In this light, in 2019 FAO created the “Data Lab for statistical innovation” to fill such gaps by improving the timeliness and granularity of data collection, increasing the use of methods and technologies to extract data from unstructured sources with the aim to build more timely information to support decisions making processes.
The internet grants a wide scope of facts and data sources, which consist of an enormous assortment of dissimilar and poorly organized data. Web scraping involves fetching and extracting those data from web pages, and creating properly organized information. The Data Lab has developed different procedures to gather structured information either from web pages containing statistical data or from social media (Twitter) / media aggregators (Google News).
Text analytics (or text mining) refers to the process of automatically extracting information from different written resources. It involves lexical analysis to study word frequency distributions, pattern recognition, tagging/annotation, sentiment analysis, information extraction, data mining techniques (including link and association analysis), visualization, and predictive analytics with the aim to turn text into data for analysis, via the application of natural language processing (NLP). By means of proper tools (all of these being free and Open Source), the Data Lab implements the different NLP steps, depending on the resources used or the specific objectives of the analysis.
Data validation consists of the process of verifying the quality of the scraped data. This implies the implementation of a strategy that verifies the correctness and the meaningfulness of the resulting information by referring to other sources.
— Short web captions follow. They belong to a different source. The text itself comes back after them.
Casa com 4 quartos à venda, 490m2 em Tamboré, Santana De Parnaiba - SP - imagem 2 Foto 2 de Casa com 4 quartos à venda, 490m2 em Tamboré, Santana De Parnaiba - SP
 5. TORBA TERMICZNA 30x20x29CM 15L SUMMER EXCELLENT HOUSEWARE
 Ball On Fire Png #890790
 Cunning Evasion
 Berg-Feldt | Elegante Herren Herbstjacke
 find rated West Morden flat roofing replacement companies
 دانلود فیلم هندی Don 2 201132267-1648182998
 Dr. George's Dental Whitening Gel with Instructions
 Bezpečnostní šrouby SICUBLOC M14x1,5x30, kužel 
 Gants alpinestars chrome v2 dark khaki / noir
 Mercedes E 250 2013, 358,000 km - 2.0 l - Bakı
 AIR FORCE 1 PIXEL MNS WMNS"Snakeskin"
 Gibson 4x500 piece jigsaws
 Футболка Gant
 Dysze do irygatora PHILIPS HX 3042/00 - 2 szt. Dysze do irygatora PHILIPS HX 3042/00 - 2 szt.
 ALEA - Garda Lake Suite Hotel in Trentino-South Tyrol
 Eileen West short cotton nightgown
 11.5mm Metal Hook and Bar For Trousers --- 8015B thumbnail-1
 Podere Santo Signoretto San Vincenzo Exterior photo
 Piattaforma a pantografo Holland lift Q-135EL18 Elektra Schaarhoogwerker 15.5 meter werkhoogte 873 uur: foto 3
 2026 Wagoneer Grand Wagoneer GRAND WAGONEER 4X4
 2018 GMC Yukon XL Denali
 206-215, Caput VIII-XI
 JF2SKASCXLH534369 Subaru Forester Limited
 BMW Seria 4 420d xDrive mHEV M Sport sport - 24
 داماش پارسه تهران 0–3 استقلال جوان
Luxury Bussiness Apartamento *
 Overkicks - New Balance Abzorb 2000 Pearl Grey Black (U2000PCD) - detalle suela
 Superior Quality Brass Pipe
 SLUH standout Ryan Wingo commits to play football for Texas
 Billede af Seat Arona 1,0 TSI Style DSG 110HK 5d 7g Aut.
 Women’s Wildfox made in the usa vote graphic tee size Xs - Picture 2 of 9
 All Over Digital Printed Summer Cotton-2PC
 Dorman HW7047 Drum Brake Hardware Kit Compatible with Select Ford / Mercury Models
The Data Lab has access to all the FAO data systems to check the resulting values against the most updated "official sources".
Formalizing a phenomenon in a mathematical way allows for identifying how the different components act in determining its values. This could be used to obtain values for the phenomenon when no observations are available. The Data Lab develops models that, starting from the scraped data and considering also other sources, produce descriptive statistics and proper indicators that are useful to support the achievements of FAO's main objectives.